トスカニーニ「貴方はナチだから、(ザルツブルクから)出ていきなさい。党員ではなくても、ドイツにいる以上、ナチです。今日の世界情勢では、奴隷化された国と自由の国の両方で同時にタクトをとることは芸術家として許されません」
フルトヴェングラー「音楽家にとっては自由な国も奴隷化された国もないと私は考えます。ワーグナーやベートーヴェンが演奏される場所では、人間は自由なのです。私が偉大な音楽を演奏し、たまたまそこがヒトラーの支配下にあったとしたら、それだけで私はヒトラーの代弁者となるのでしょうか。偉大な音楽は、むしろナチの無思慮と非情さに対立するものですから、私はヒトラーの敵になるのではないでしょうか」
 本書を読んだかぎりでは、まず彼自身の臆病さが原因の一つでしょう。戦後に起きたソ連によるベルリン封鎖(1947)の際、彼は市民を見捨ててベルリン・フィルとのコンサートをキャンセルしています。さらには偉大な音楽の前ではすべてが正当化されるという信念が、彼を最後まで縛っていたのでしょうか。

 というわけで、「人間的な、あまりにも人間的な」お話です。「のだめカンタービレ」人気でクラシック音楽に興味をもつ方も増えているようなので、テレビ・ドラマ化をしてはいかがでしょうか。役者について詳しくないので、物故された方を含めてこのような配役を考えてみました。フルトヴェングラーは笠智衆、カラヤンは伊武雅刀、チェリヴィダッケは竹中直人、トスカニーニは忌野清志郎、ゲッベルスは佐野史郎、ゲーリングはハナ肇、ヒトラーは安倍晋三。なお安倍伍長が参議院選挙惨敗の責任逃れで多忙でしたら、代役はイッセー尾形で決まり。

 なお本書に下記のような記述がありました。
 ドイツでは首相としてバイロイトに行けば、必ず「ヒトラー以来初めて」と報道される。歴代のドイツ首相は、そうなることを避けてきた。戦後のドイツ首相がこの音楽祭に初めて出席するのは、再開から半世紀以上過ぎた2003年のことだった。日本の小泉首相が本場でオペラを見たいという理由で政府専用機を飛ばしてヨーロッパ歴訪をした際の、あのバイロイト訪問時である。日本の首相を出迎える以上、ドイツもシュレイダー首相が行かなくてはならないという大義名分が立った。

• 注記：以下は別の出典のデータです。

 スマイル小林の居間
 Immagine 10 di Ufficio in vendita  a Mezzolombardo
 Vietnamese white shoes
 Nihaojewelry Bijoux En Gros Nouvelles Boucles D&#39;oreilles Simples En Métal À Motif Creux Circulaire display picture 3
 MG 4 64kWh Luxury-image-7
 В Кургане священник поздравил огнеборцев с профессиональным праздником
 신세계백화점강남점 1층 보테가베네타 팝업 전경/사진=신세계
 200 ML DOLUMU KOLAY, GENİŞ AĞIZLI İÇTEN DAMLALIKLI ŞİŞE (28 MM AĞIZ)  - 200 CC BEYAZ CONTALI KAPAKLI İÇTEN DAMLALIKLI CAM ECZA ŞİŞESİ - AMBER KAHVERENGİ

 ええ覚えていますとも。私たちの血税を使い能天気に遊び歩いた軍曹と、それを批判しないメディアや国民、はらわたが煮えくり返ったことは忘れません。ただその時にこうした事実があったことはまともに報道されていなかったのではないでしょうか。「ばいろいとでわあぐなあがききたいよおおお」と駄々をこねる小泉元軍曹には、そうした複雑な感情に想いを馳せる能力はなかったでしょう。しかしシュレイダー首相の心中はどうだったのでしょうか。これで悪夢に終止符を打てると安堵したのか、あるいは外交上の理由による苦渋の選択だったのか。後者だとしたら、軍曹の行為は絶対に許されません。いずれにせよ、戦争犯罪に対して慎重な姿勢をとるドイツと、無頓着な日本、戦後の両国の姿をよくあらわすエピソードですね。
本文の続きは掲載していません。